§ **THE TASK**:
Could you output each line below precisely as it stands, without the images?

§ **COLLECTED MATERIAL**:
══════════════════════════════
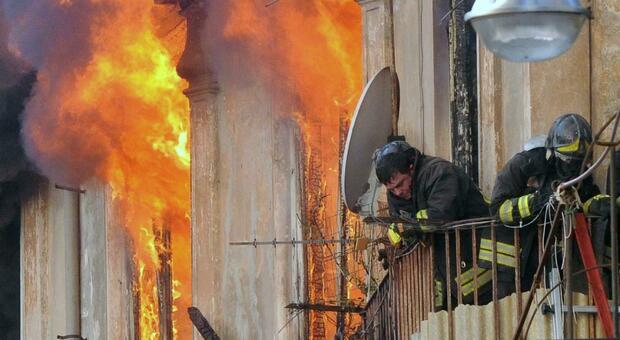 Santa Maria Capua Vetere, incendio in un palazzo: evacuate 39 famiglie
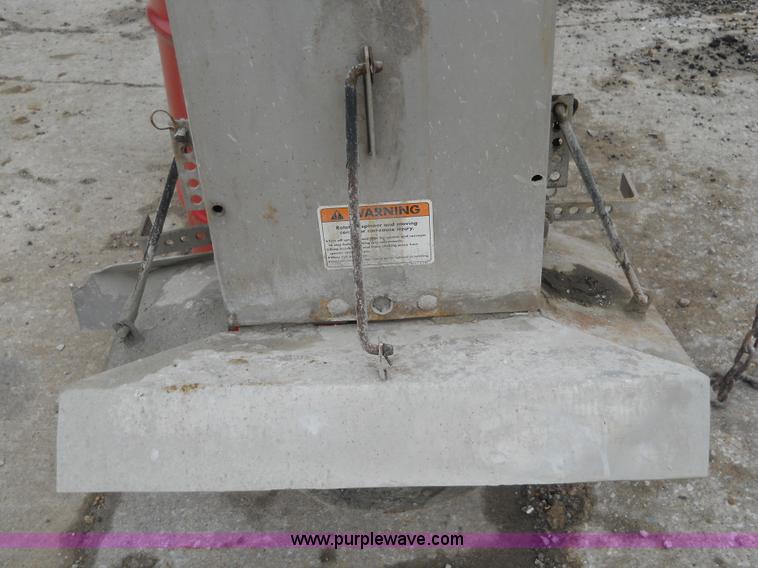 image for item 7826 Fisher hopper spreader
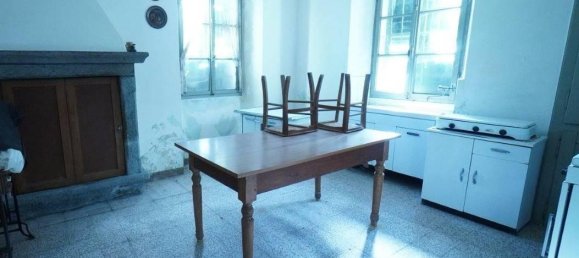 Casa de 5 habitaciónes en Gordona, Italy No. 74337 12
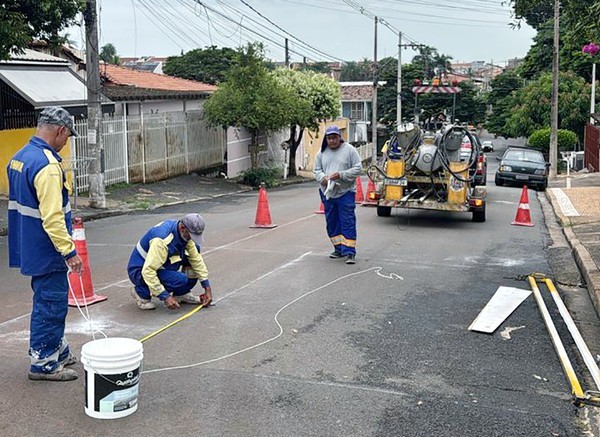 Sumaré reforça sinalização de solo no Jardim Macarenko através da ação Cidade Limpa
══════════════════════════════
§ **WRITTEN REPLY**:
 Santa Maria Capua Vetere, incendio in un palazzo: evacuate 39 famiglie
 image for item 7826 Fisher hopper spreader
 Casa de 5 habitaciónes en Gordona, Italy No. 74337 12
 Sumaré reforça sinalização de solo no Jardim Macarenko através da ação Cidade Limpa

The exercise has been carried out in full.